Stored records
• • • • • • •
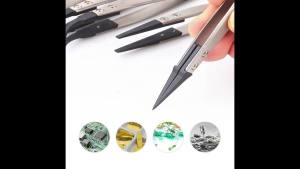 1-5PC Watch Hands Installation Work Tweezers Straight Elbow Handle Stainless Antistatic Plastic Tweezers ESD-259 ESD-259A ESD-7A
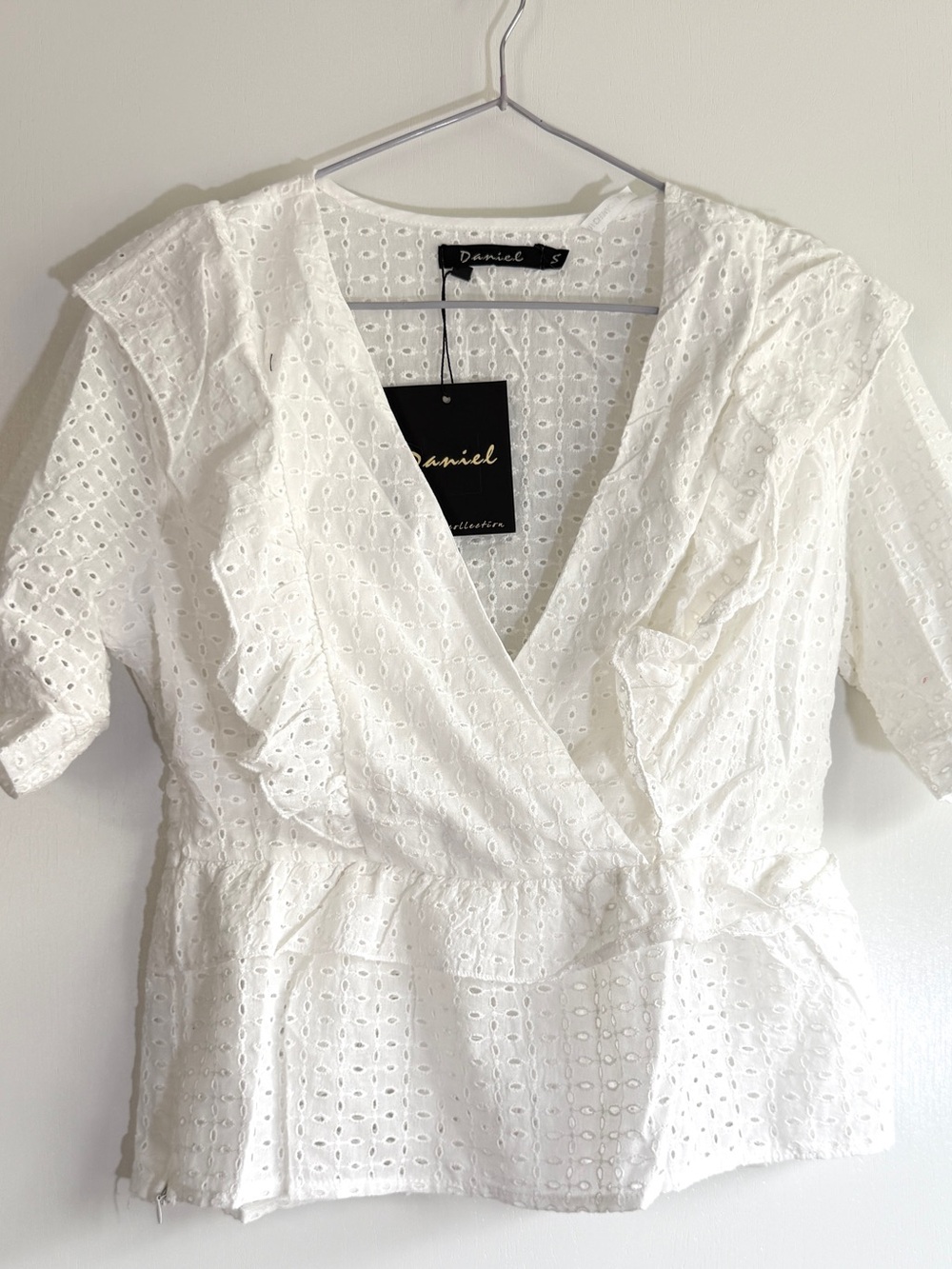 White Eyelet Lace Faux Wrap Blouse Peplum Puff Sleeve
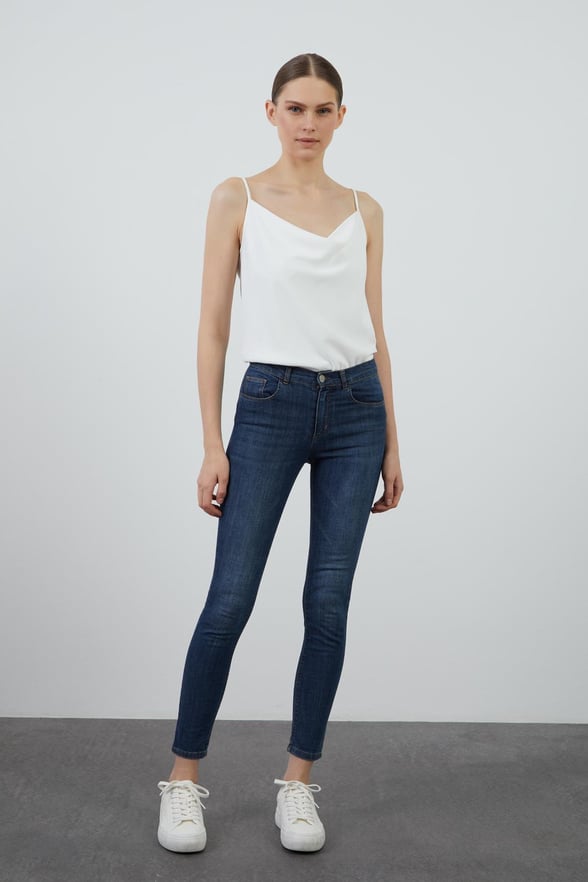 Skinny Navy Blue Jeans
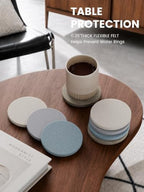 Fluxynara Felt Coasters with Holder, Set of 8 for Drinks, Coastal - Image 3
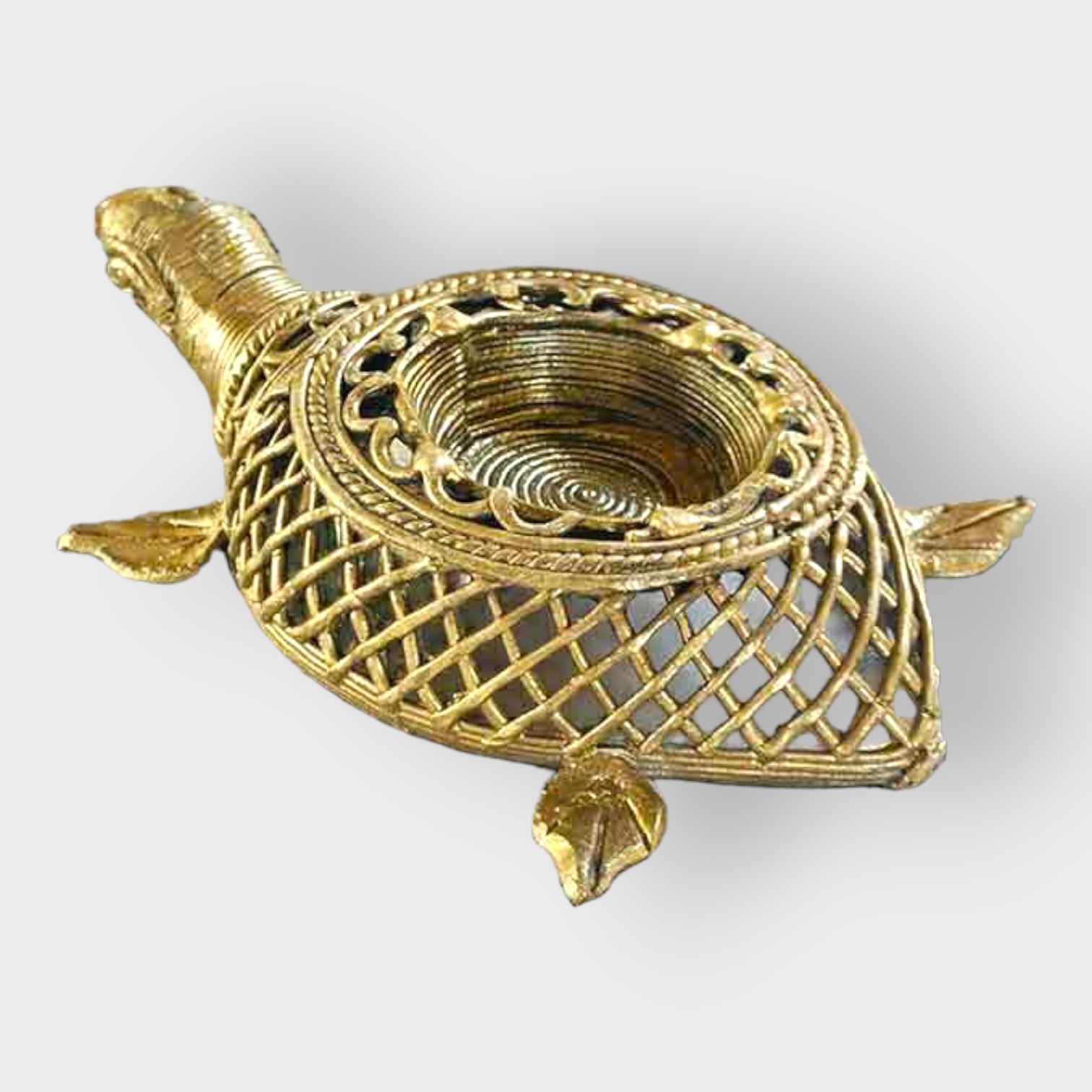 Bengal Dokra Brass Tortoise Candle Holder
• • • • • • •
**How to complete this task**
Your answer should be every line above, written out exactly, with no pictures.

**Answer to the exercise**
 1-5PC Watch Hands Installation Work Tweezers Straight Elbow Handle Stainless Antistatic Plastic Tweezers ESD-259 ESD-259A ESD-7A
 White Eyelet Lace Faux Wrap Blouse Peplum Puff Sleeve
 Skinny Navy Blue Jeans
 Fluxynara Felt Coasters with Holder, Set of 8 for Drinks, Coastal - Image 3
 Bengal Dokra Brass Tortoise Candle Holder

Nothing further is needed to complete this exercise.